INSTRUCTIONS FOR THE TASK:
Leave the pictures out. Return all other data exactly.

DATA BELOW:
☆ ☆ ☆ ☆ ☆ ☆ ☆
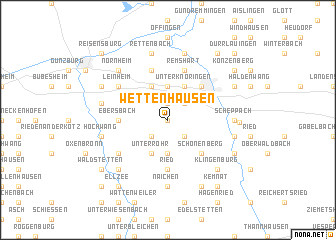map of Wettenhausen
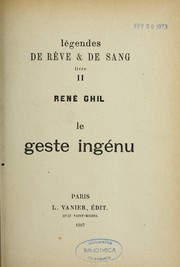 Cover of: Le geste ingénu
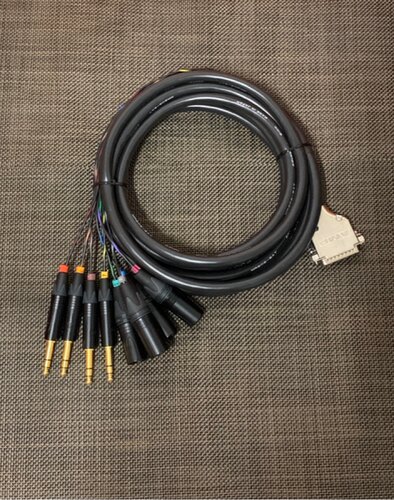 canare佳耐美DB25八路8通道4卡农公4大三芯音频线录音rem声卡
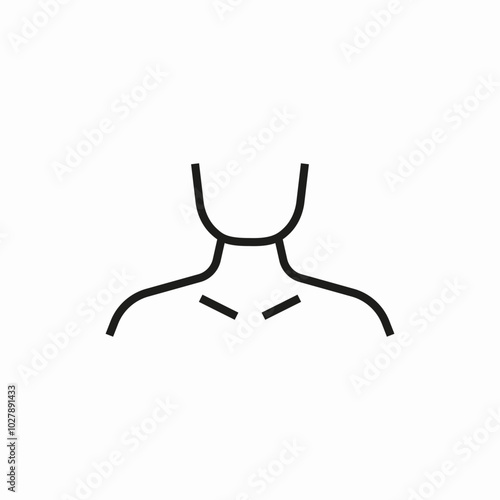 human organ neck icon sign vector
☆ ☆ ☆ ☆ ☆ ☆ ☆
SOLUTION TO THE PROBLEM:
map of Wettenhausen
 Cover of: Le geste ingénu
 canare佳耐美DB25八路8通道4卡农公4大三芯音频线录音rem声卡
 human organ neck icon sign vector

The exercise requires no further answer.